WORTH READING, especially if you, too, have lost a child.

I started this spare, heartrending book over again as soon as I finished it. Not because it told a gripping story; it didn’t, which would usually make me lose interest. But it is a deep book whose meaning is murky and I thought a second reading might reveal more to me. As it turns out, the book has taken on an impossible task, trying to illuminate the mystery of how we communicate with the dead, and because it can’t really do that, it left me dissatisfied. 

I started it over hoping I would get it’s profound message more clearly the second time. But ultimately, I think that searching is the book’s lesson: once it’s the dead with whom we are communicating, we are always going to be dissatisfied. 

Li’s 16 yo son died by suicide and this book, called a novel but really a sort-of memoir, is about a mother talking to her dead 16 yo in “the after time.” Her son is biting, pragmatic, and sarcastic; she doesn’t put comforting words in his mouth just because he’s dead. He doesn’t regret killing himself because he ended the suffering of perfectionism that was tormenting him. And the mother seems intent on not burdening him with her own pain so she does no angry railing at him. He isn’t in heaven now nor anyplace that might comfort her. It’s not clear where he is, only that Li can conjure him with words.  

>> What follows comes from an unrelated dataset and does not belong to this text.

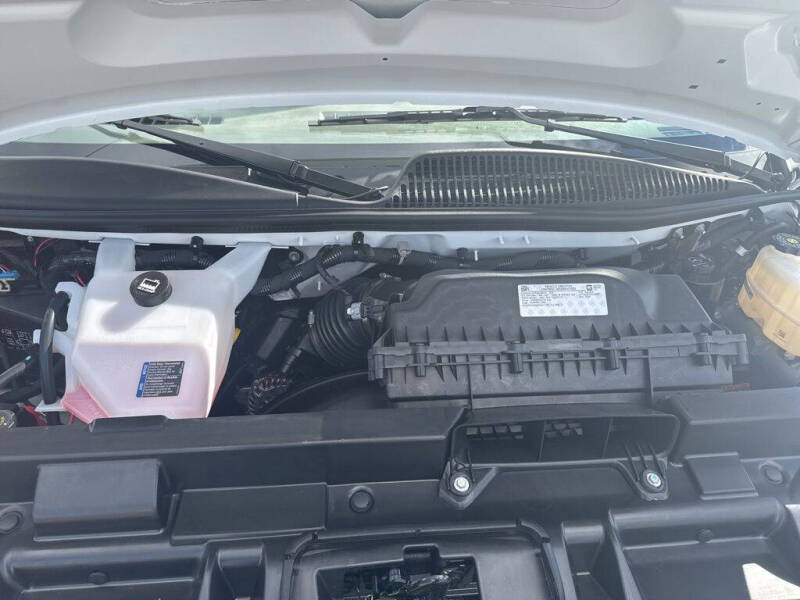 2025 Chevrolet Express 3500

When my son died of an overdose four years ago, I could conjure him with words, too. I wrote to him. In panicky moments I shrieked for him (usually, though not always, in my head), and invariably he was with me immediately. “I’m right here,” he would assure me. He *was* sorry but more for me and others he’d left behind than for himself. He accepted his death as an inevitability and seemed to want to help us view it that way, too. One of the last times I heard from him, he told me that his sister and I should have more fun. Our open line of communication lasted only a few months. Now I rarely feel him near me. I’ve told his sister I think he crossed over or went beyond the veil, whatever that means. But I was grateful he stayed nearby in the early days of my grief. 

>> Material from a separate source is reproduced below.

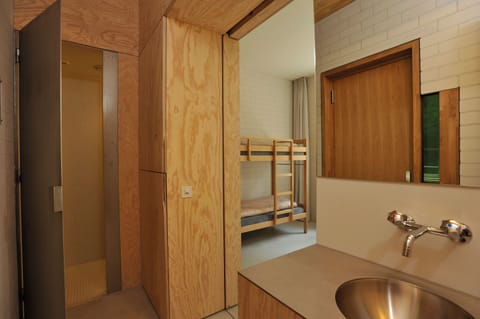 Standard Quadruple Room, Private Bathroom | Bathroom amenities | Shower, towels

Li, like me, has no faith in an afterlife, but this conversation is taking place just three months after her son’s death (which is also when she wrote this book), when that line of communication still feels open. His abrupt departure left her with so many questions and such a yearning for him that she conjured him the only way she could, with words, the tool with which she makes her living. 

And many passages are so poignantly beautiful - and Li’s prose throughout so lean and poetic — that the book is worth reading (and even re-reading) despite its failure to reach any conclusions. One of my favorite passages comes early in the book,when the son tells the mother he lives now in time, not days, and says he is sorry for her that she has to live in days: 
“Days, the easiest possession, requiring only automatic participation. The days [my son] had refused would come, one at a time. Neither my allies nor my enemies, [the days] would wait, every daybreak, with their boundless patience and indifference, seeing if they could turn me into a friend or an enemy to myself.” That passage struck me as searingly true.